— EXERCISE BRIEF —
Print the entries below again exactly as they stand, but skip any picture.

(Records from a dataset)
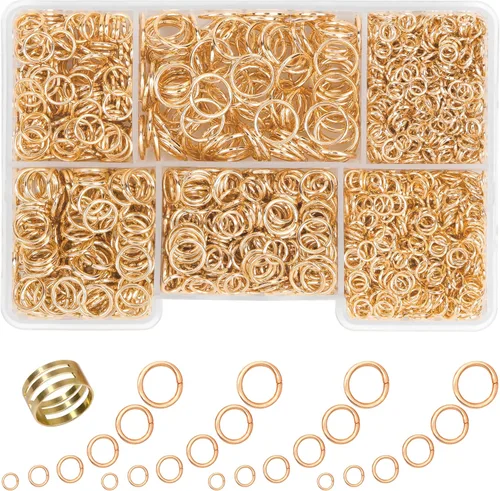 Miniatura 7 de 1400 anillos de salto de tamaño mixto para fabricación de joyas, llaveros, reparación de collares y manualidades de bricolaje, 0.157 in, 0.236 in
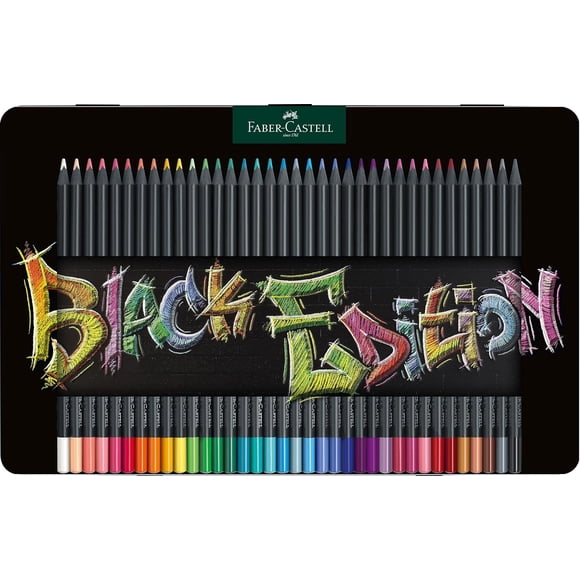 Faber-Castell Crayons à Colorier - Édition Noire - Boîte de 36
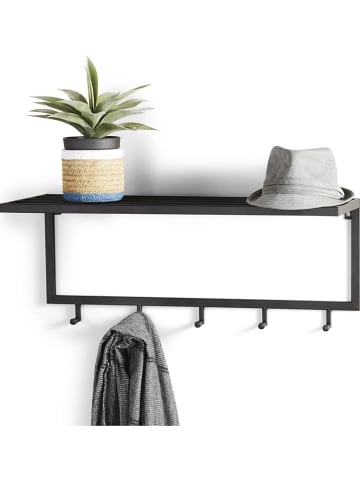Lifa Living Wandgarderobe "Luuk" in Schwarz - (B)75 x (H)30 cm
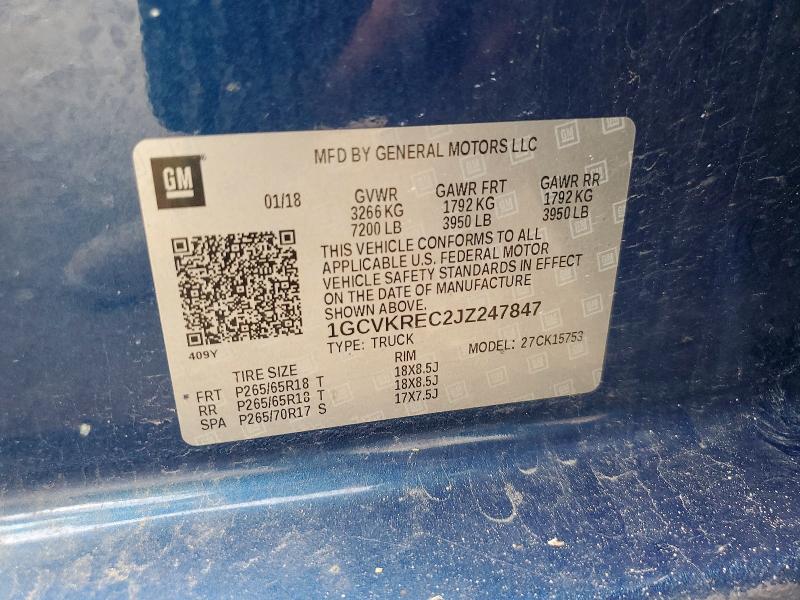 Продажа на аукционе авто 2018 Chevrolet Silverado, vin: 1GCVKREC2JZ247847, номер лота: 52966036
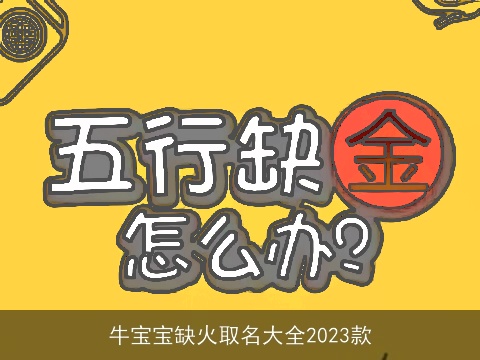 牛宝宝缺火取名大全2023款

— THE COMPLETED TASK —
 Miniatura 7 de 1400 anillos de salto de tamaño mixto para fabricación de joyas, llaveros, reparación de collares y manualidades de bricolaje, 0.157 in, 0.236 in
 Faber-Castell Crayons à Colorier - Édition Noire - Boîte de 36
Lifa Living Wandgarderobe "Luuk" in Schwarz - (B)75 x (H)30 cm
 Продажа на аукционе авто 2018 Chevrolet Silverado, vin: 1GCVKREC2JZ247847, номер лота: 52966036
 牛宝宝缺火取名大全2023款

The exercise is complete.